At 19:23 on July 27 the Alaska State Troopers were alerted to reports of an adult female who had rolled an ATV on Kashevaroff Mountain and sustained injuries. KISAR was contacted and a response initiated. KISAR member Nick Szabo began contacting KISAR members to determine availability. KISAR member Lydia Cullum arrived at Bayside Fire Hall and received additional information from the Emergency Department that the patient had altered mental status due to head trauma and possibly multiple orthopedic injuries. At 20:07 Cullum volunteered to go ahead of the rest of the KISAR group as a hasty team to provide medical assistance. In route to Kashevaroff, Cullum was contacted by Trooper Boyle who was on scene and was given details of the patient’s condition. At 20:35 Cullum was at the trailhead and met Trooper Walsh and Women’s Bay Fire volunteers that offered a “go bag” of medical supplies. Trooper Walsh provided ATV transportation to the site of the ATV rollover (57.6883°, -152.5828°). At 20:48 Cullum arrived on scene. An adult female was found lying on her left side under an emergency blanket. A quick trauma assessment was completed identifying multiple possible injuries. The patient was placed in a c-collar, a splint was placed on the patient’s right hand, and the patient was kept in the position of comfort on her left side. A helicopter extraction was determined to be the best option given the possible extent of the patient’s injuries and the level of discomfort she was in. Trooper Boyle initiated contacting the Coast Guard at 21:03. The rest of the KISAR team including Doug Dorner, Paul VanDyke, Steven Wielebski, Michael Gibbs, Kyle Setta, Shea Long, and Chris Bruno arrived at 21:10. Maintaining c-spine precautions the KISAR team lifted the patient into the KISAR Stokes basket. KISAR coordinated with the Coast Guard via radio communications to determine the best method of extracting the patient. KISAR members carried the patient in the stokes basket to a location 60 feet below the accident where the helicopter could partially land. The KISAR team loaded the patient directly into the helicopter at the direction of the CG rescue swimmer. The KISAR team hiked out with the patient’s family and Alaska State Troopers. All members were off the mountain at 23:18.

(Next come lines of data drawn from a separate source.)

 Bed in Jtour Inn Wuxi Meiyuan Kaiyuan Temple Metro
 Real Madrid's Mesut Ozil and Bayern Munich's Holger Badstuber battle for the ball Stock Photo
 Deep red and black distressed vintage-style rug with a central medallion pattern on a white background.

A young man and woman departed Mission Beach in kayaks on July 8 headed for Trident Basin and Crooked Island but were blown off course in the Woody Island Channel and made landfall on Woody Island near Icehouse Point instead. They had no means of communication with them and carried no supplies. They were reported overdue on the evening of July 8. The Alaska State Troopers contacted KISAR and a callout to members was initiated by KISAR member Nick Szabo. KISAR members responding were Ryan Cross, Lydia Cullum, Doug Dorner, Shae Long, Mike Sirofchuck, Philip Tschersich, Sharon and Steve Wielebski. Cross secured a skiff from KISAR member John Sikes and along with a Harbor Master’s skiff met the KISAR team at the float plane dock in Trident Basin at 10:00. USCG helicopters had been searching Crooked Island since around 08:30 and later located 2 abandoned kayaks on Woody Island just north of Icehouse Point. The KISAR team was directed to proceed to Woody Island. Just prior to KISAR’s, arrival a USCG helicopter spotted the 2 missing individuals coming out of the forest behind the Kodiak Baptist Mission property at Icehouse Point. Baptist Mission employees had skiffed over that morning, drawn by the helicopter activity at their property, and met the 2 missing kayakers. KISAR and the Alaska State Troopers arrived at the scene and KISAR offered warm clothing and a shuttle to the larger AST vessel. KISAR returned to Trident Basin and the effort was demobilized by 11:00.